Bei den Meistern des Rechnens muss ein Name ganz oben stehen
Leonardo da Pisa, auch Fibonacci genannt. (geboren 1180 gestorben 1241?)
Der Vater von Leonardo wurde von der Pisaner Kaufmannsgilde ca 1192 in Algerien als Notar eingesetzt. Er ließ seinen Sohn Leonardo zu sich kommen und lehrte ihn das Rechnen mit den indo-arabischen Zeichen. Leonardo erwarb durch intensive Studien außergewöhnliche Erkenntnisse, die er Anfang des 12. Jahrhunderts in Liber abbaci - Buch der Rechenkunst darlegte.
Rund 20 Jahre später ist eine zweite Fassung entstanden.

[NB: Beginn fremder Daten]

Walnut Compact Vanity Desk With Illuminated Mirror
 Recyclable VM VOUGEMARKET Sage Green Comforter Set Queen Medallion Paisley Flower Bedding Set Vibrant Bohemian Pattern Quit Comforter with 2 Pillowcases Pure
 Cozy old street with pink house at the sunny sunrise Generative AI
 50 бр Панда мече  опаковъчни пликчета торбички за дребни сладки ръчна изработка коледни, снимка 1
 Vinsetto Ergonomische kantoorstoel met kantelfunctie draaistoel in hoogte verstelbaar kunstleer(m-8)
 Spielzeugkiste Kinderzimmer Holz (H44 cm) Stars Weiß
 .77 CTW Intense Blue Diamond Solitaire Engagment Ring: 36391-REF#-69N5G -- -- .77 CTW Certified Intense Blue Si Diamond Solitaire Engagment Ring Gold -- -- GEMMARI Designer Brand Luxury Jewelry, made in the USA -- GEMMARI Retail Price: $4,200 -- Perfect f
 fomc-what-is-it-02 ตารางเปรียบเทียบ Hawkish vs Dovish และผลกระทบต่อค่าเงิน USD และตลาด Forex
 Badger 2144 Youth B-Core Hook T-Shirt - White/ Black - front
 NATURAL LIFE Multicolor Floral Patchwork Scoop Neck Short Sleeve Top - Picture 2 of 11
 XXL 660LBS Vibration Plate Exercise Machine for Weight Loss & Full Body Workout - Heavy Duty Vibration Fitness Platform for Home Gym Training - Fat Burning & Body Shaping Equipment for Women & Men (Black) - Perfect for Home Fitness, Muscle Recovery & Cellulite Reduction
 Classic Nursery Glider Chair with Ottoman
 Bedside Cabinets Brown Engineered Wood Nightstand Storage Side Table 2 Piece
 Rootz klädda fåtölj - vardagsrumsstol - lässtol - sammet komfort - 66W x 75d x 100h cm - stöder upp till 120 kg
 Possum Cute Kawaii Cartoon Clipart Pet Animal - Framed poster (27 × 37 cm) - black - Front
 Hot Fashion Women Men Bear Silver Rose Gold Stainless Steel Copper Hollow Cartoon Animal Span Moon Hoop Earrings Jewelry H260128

Der besondere Wert seines Werkes liegt darin, dass er nicht nur Regeln und Lösungen präsentierte, sondern auch alles mathematisch beweisen konnte.
Bekannt ist er auch durch die ‘Kaninchenaufgabe’ und der nach ihm benannten Fibonacci-Zahlen: 0, 1, 1, 2, 3, 5, 8, 13, 21 etc. (Das Ergebnis ist immer die Summe der beiden vorangegangen Zahlen).
Reiseziel Biblioteca Nazionale Florenz.
Literatur: Leonardi Pisani Liber Abbaci oder Lesevergnügen eines Mathematikers von Heinz Lüneberg Auszug
In Italien wurden in der Folge erste Rechenmeisterschulen gegründet.
In Verona gab es nachweislich schon 1284 eine solche. In Florenz wurde 1316 von Rechenmeistern eine Gilde gegründet, Ziel war unter anderem das kaufmännische Rechnen zu lehren.
Seit dem 13. Jahrhundert wurde durch die Hanse ein reger Handel mit Nahrungsmitteln, Rohstoffen und Luxuswaren betrieben. Das kaufmännische Rechnen nahm dadurch an Bedeutung zu. Zuerst ließen die Kaufleute ihre Nachfahren in Italien (z.B. in Venedig) ausbilden, doch nach und nach gelang es auch in Deutschland Lehrer auszubilden. Für den Süden Deutschlands ist die Nähe zu Italien ein Vorteil. Ulm, Augsburg, Nürnberg sind bedeutend für die Entwicklung von Rechenschulen im Lande.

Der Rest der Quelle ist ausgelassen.